Each such certificate or such certified copies shall be in form and substance
reasonably satisfactory to the Agent.
(k) PROOF OF CORPORATE ACTION. The Agent shall have received from each
of the Transaction Parties copies, certified by a duly authorized officer of
such Person to be true and complete on and as of the Effective Date, of the
records of all corporate action taken by such Person to authorize (i) such
Person's execution and delivery of each of the Amendment Documents, the 1999
Senior Subordinated Note Documents, the Trim Acquisition Documents and the
Trim Equity Documents (collectively, the "DOCUMENTS") to which it is a party,
and (ii) such Person's performance of all of its agreements and obligations
under the Credit Agreement, as amended hereby, and each of the other
Documents to which it is a party. Each of such certified copies shall be in
form and substance reasonably satisfactory to the Agent.
(l) INCUMBENCY CERTIFICATE. The Agent shall have received incumbency
certificates, dated the Effective Date, signed respectively by a duly
authorized officer of each of the Transaction Parties, and giving the name
and bearing a specimen signature of each individual who shall be authorized
(x) to sign, in the name and on behalf of such Person, each of the Amendment
Documents and other Loan Documents to which such person is or is to become a
party, (y) in the case of the UK Borrower, to make UK Loan Requests and
Conversion Requests and (z) to give notices and to take other action on
behalf of such Person under the Amendment Documents or any other Loan
Document. Such certificates shall be in form and substance reasonably
satisfactory to the Agent.
(m) CLOSING CERTIFICATE. The Agent shall have received a certificate,
dated the Effective Date, signed by the chief financial officer of the
Borrower, to the effect that (i) each of the representations and warranties
of the US Transaction Parties contained in Section 4 hereof are true and
correct as of the Effective Date and (ii) no Default or Event of Default
exists on the Effective Date (after giving effect to this Agreement).
(n) INSURANCE CERTIFICATES. The Agent shall have received a
certificate(s) of insurance from an independent insurance broker dated as of
the Amendment No. 2 Effective Date, identifying insurers, types of insurance,
insurance limits, and policy terms, and otherwise describing the insurance
obtained in accordance with the provisions of the UK Security Documents and
naming the Agent as additional insured and loss payee, and the Agent shall be
satisfied with all such insurance coverage.
-27-
(o) REPRESENTATIONS AND WARRANTIES. The Agent shall be satisfied that
the representations and warranties set forth in Section 4 hereof are true and
correct on and as of the Effective Date.
(p) SENIOR DEBT. The Borrower shall have demonstrated to the reasonable
satisfaction of the Agent that (a) all outstanding Obligations (after giving
effect to the requested Loans or Letters of Credit) constitute "Senior Debt"

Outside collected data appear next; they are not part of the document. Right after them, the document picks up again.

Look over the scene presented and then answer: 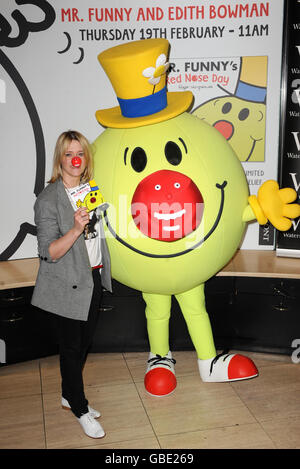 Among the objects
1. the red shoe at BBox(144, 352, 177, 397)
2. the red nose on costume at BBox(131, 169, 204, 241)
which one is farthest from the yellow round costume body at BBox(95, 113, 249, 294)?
the red shoe at BBox(144, 352, 177, 397)

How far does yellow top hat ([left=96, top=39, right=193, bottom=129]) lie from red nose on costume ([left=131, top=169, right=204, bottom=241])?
0.94 feet

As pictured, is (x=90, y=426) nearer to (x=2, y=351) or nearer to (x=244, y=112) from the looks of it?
(x=2, y=351)

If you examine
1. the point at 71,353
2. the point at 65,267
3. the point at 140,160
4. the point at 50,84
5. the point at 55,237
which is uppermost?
the point at 50,84

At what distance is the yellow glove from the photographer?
7.84ft

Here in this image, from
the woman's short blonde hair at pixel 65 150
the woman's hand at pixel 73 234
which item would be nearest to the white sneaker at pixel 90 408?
the woman's hand at pixel 73 234

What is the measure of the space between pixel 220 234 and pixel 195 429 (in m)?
0.94

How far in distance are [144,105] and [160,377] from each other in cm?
143

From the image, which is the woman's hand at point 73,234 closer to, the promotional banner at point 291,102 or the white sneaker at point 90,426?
the white sneaker at point 90,426

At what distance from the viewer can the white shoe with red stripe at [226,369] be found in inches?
107

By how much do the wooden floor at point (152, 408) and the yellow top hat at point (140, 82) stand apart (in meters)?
1.44

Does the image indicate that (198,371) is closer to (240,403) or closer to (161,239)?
(240,403)

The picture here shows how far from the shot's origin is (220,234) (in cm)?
237

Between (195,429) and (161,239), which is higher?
(161,239) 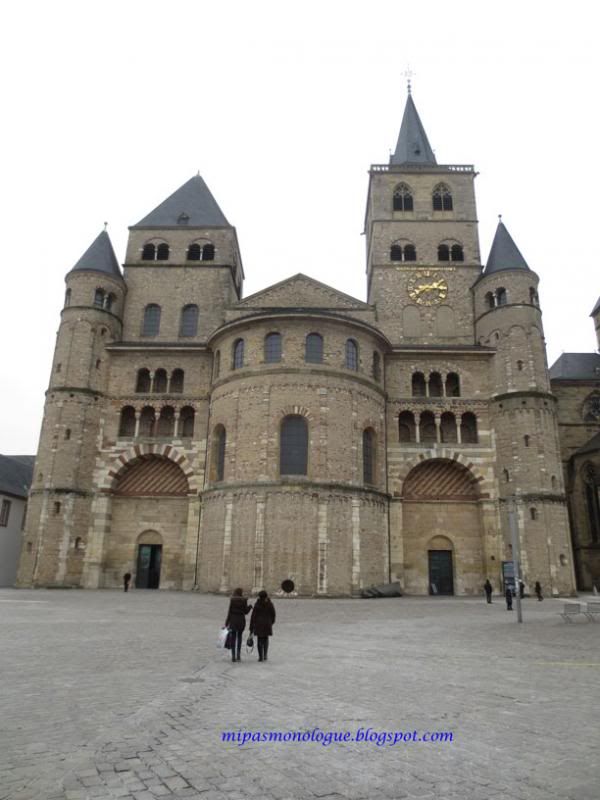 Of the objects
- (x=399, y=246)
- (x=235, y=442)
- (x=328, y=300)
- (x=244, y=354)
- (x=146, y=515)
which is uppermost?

(or corresponding alternative terms) under the Subordinated Debt Documents
and "Designated Senior Debt" under and for all purposes of each of the Senior
Subordinated Indenture and the 1999 Senior Subordinated Indenture, and (b)
the incurrence of Indebtedness in respect of the requested Loans shall be
permitted by all Subordinated Debt Documents. The foregoing demonstration
shall include certificates of the chief financial officer of the Borrower
setting forth in reasonable detail the basis therefor, and the calculations
(if any) required to evidence compliance with the applicable covenants set
forth in the Subordinated Debt Documents.
(q) DISBURSEMENT INSTRUCTIONS. The Agent shall have received
disbursement instructions from the Borrower with respect to the proceeds of
the UK Acquisition Loans, in form and substance satisfactory to the Agent.
(r) SOURCES AND USES STATEMENT. The Agent shall have received a sources
and uses statement from the Borrower which reflects (a) the source of all
funds to be used by the Borrower and any Subsidiary of the Borrower to
consummate all the transactions contemplated by this Amendment, including the
Trim Acquisition, and (b) all uses of such funds, such statement to be in
form and substance satisfactory to the Agent.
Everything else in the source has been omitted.